Я н. Можете меня задержать, можете устроить переполох — поступайте как вам угодно: ударьте тростью об пол, разбейте кувшин. Меня уже ничто не страшит. Так или иначе уйду сегодня, завтра — когда захочу.
М а г и с т р. Какого черта, Еник! Мне кажется, ты торопишься и не уйдешь дальше садовой калитки. Кто тебя ждет, кто тебя ждет на условленном месте? Буду держать язык за зубами.
Я н. Это не обычное свидание.
М а г и с т р. Я прекрасно знаю, Ян, что ты дурачок, знаю это уже много лет. Может, ты наелся диких ягод или мяса бешеного кролика, и потому не хочу упрекать тебя. Даже не хочу разжигать твою детскую любовь, ибо ты отпускал язвительные замечания, но ведь мы были друзьями! Ну-ка, дружище, что должно произойти сегодня ночью?
Я н. Я вам уже сказал.
М а г и с т р. Опять ты за свое? Хочу, чтобы ты говорил разумнее.

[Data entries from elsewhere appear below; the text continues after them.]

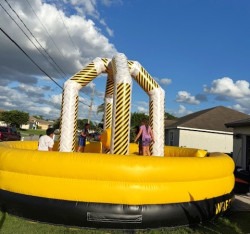 Wrecking Ball Inflatable Game IMG 4534 1761605554 Wrecking Ball Inflatable Game
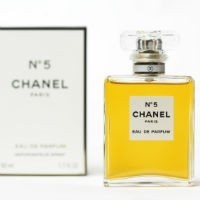 Coco v cocoa: Adelaide chocolate company “bullied” by luxury fashion giant Chanel over No.5 logo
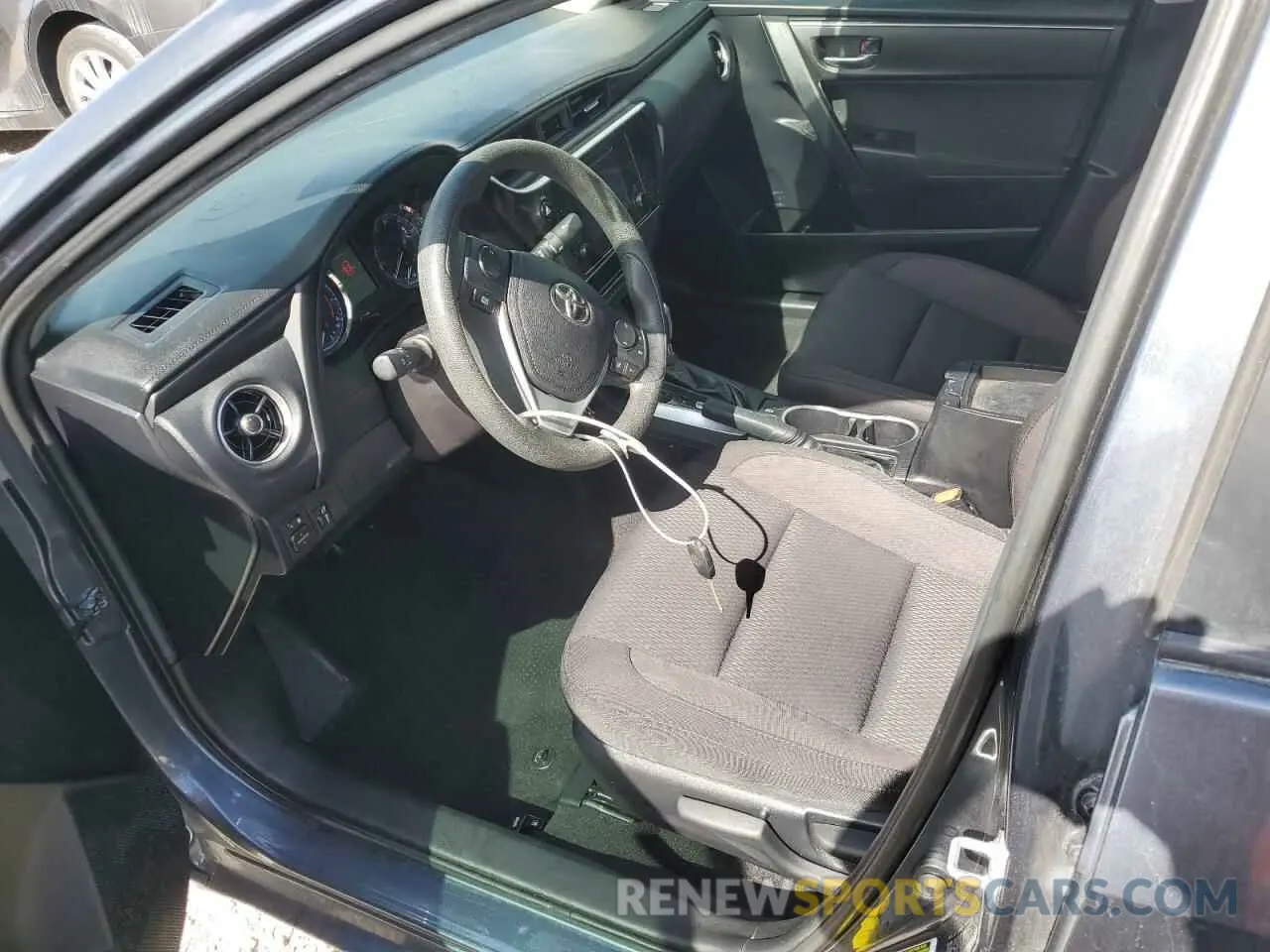 7 Photograph of a damaged car 2T1BURHE6KC157736 TOYOTA COROLLA 2019
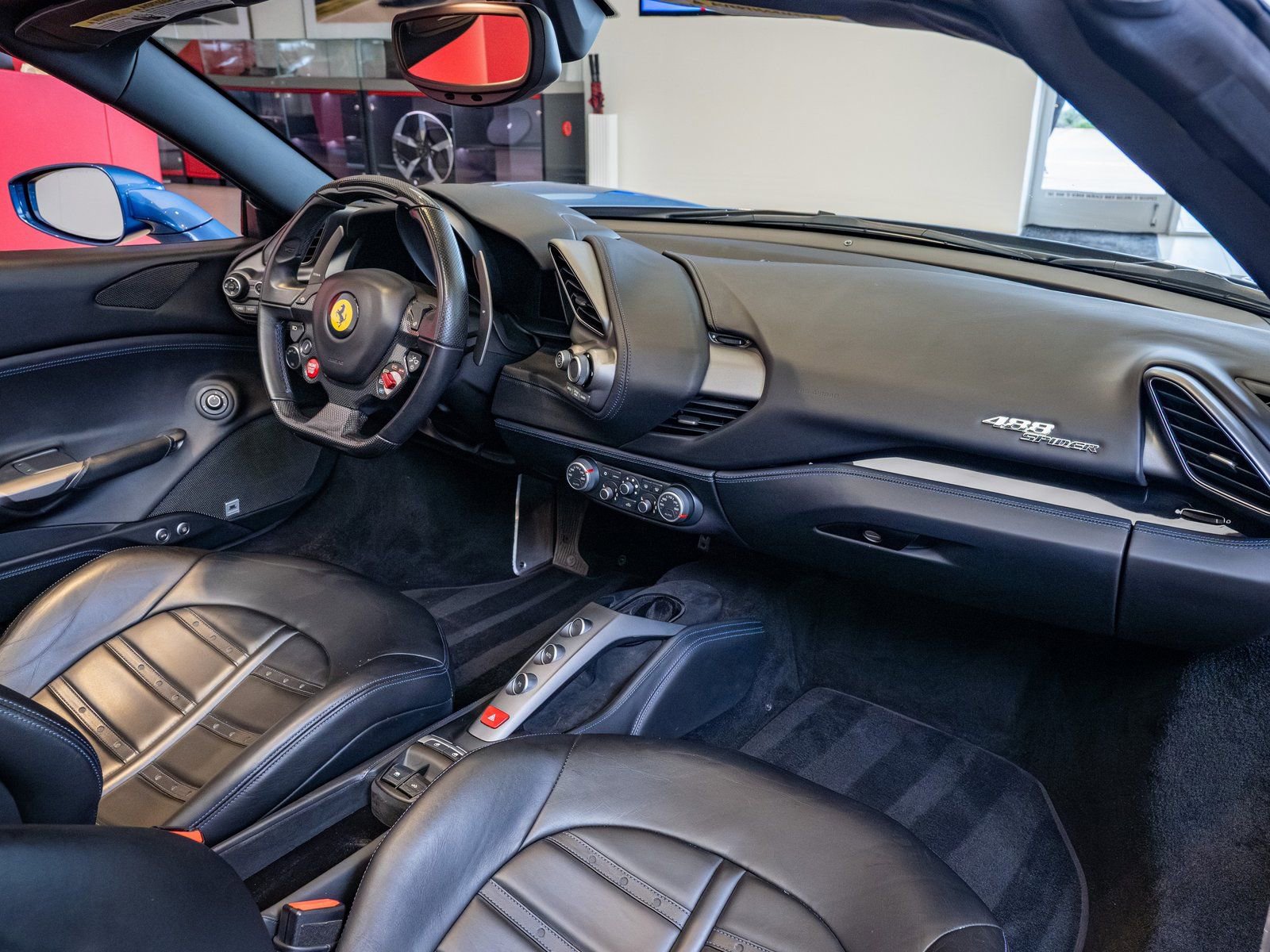 Used 2017 Ferrari 488 Spider image 17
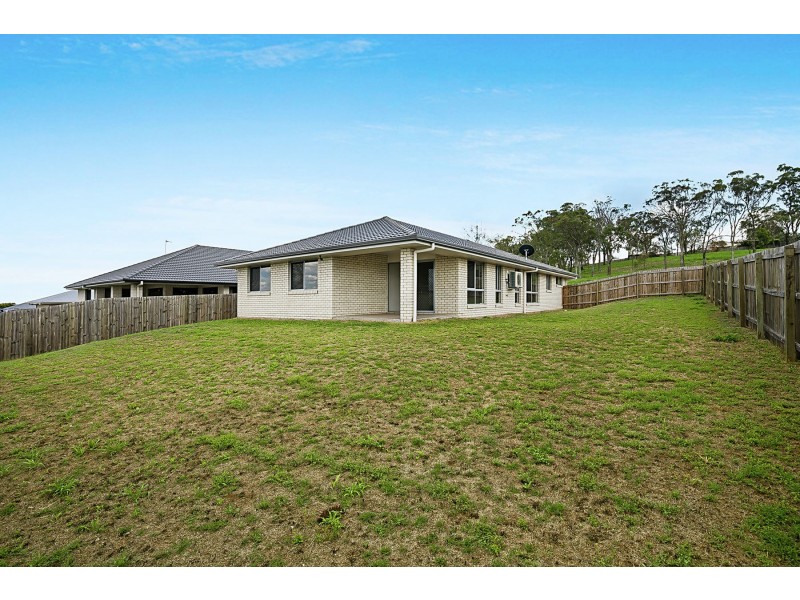 23 Wandoo Crescent, Westbrook QLD 4350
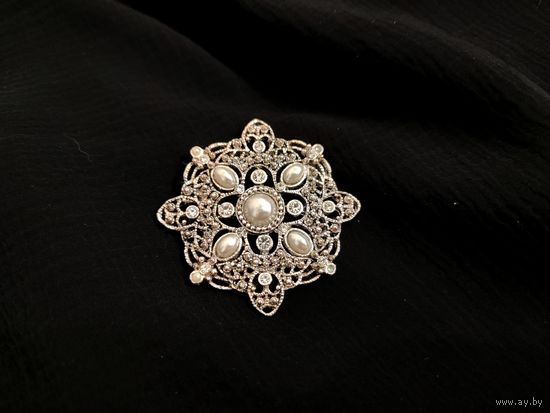 Брошь снежинка A.A.I.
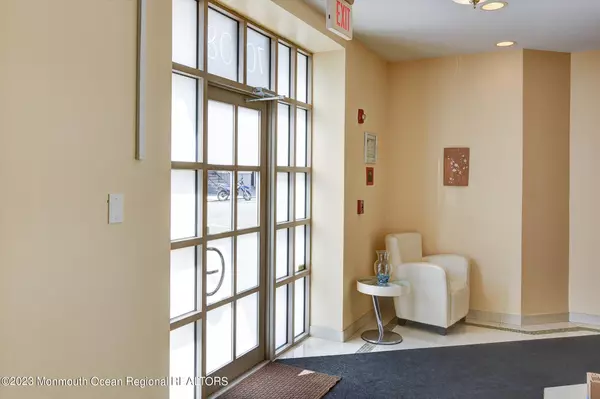 Guttenberg, NJ 07093,7008 Madison Street #402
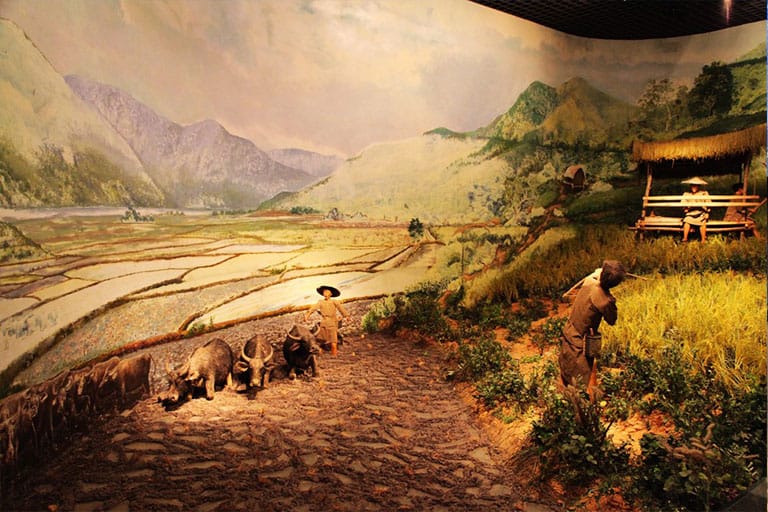 A Scene of Ancient Life Displayed in Hainan Museum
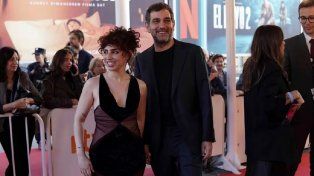Zoe Hochbaum y Nicolás Gil Lavedra en la alfombra roja del Festival de San Sebastián.&nbsp;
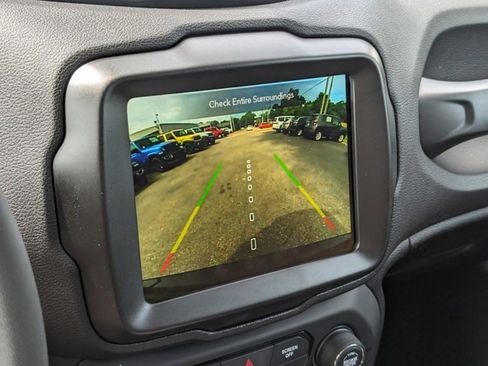 New 2023 Jeep Renegade Trailhawk image 24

Я н. Иначе говорить не стану.
М а г и с т р. Смотрите-ка! Поговорим серьезно, Ян. Ты ведь не способен уйти.
Я н. Я покончил со своей нерешительностью. Добрые влияния исчерпали себя, магистр. Ваши содержательные рассуждения, невеста с печкой и пуховыми перинами, дядюшкин зловещий фрак, побуждавший вас к насмешкам, и тетушкина кладовка, питавшая меня без дурных последствий, — всего этого как не бывало.
М а г и с т р. Ха, вот нелегкое чудо! Но ты же вернешься домой от первой канавы, и придется тебе выслушать кое-какие попреки. Вернешься — и будешь встречен чертовски скромно. Над тобой будут смеяться.
Я н. Не вернусь. Лето не станет дольше от песен, а речь правды слишком кратка. Я слушал всех вас и верил словечкам и игре, ибо вы играли. Все неожиданное и необычное вы именовали безумием и, если не считать доброй пощечины, вели меня от покорности к молчанию, не веря ни во что, кроме поражения. То вялые, то взбешенные, вы дергали из стороны в сторону маленького мальчика, который не умел подражать вам. Я боюсь вашей роковой порчи, ваших роковых историй, не имеющих конца. Боюсь историй, забытых вами прежде, чем я родился. Вы сочинили устав из запретов на все, что вам напоминает деятельность, которую вы наполнили пустотой. Дождливые дни и безлунные ночи, ночи, когда все храпят с открытыми ртами, ткут ваше ничтожество. Прощайте, я расстаюсь с вами! Дама с попугаем. Дама, на руку которой садятся чужие пронзительные воспоминания о рае, заботьтесь о своих горьких лекарствах, заботьтесь о стакане воды на сердцевидном столике! И о картах! О картах, непрестанно и лживо пророчествующих о том, чего не было. Прощай, болезненная госпожа! Прощай, слишком назойливая в своей заботливости!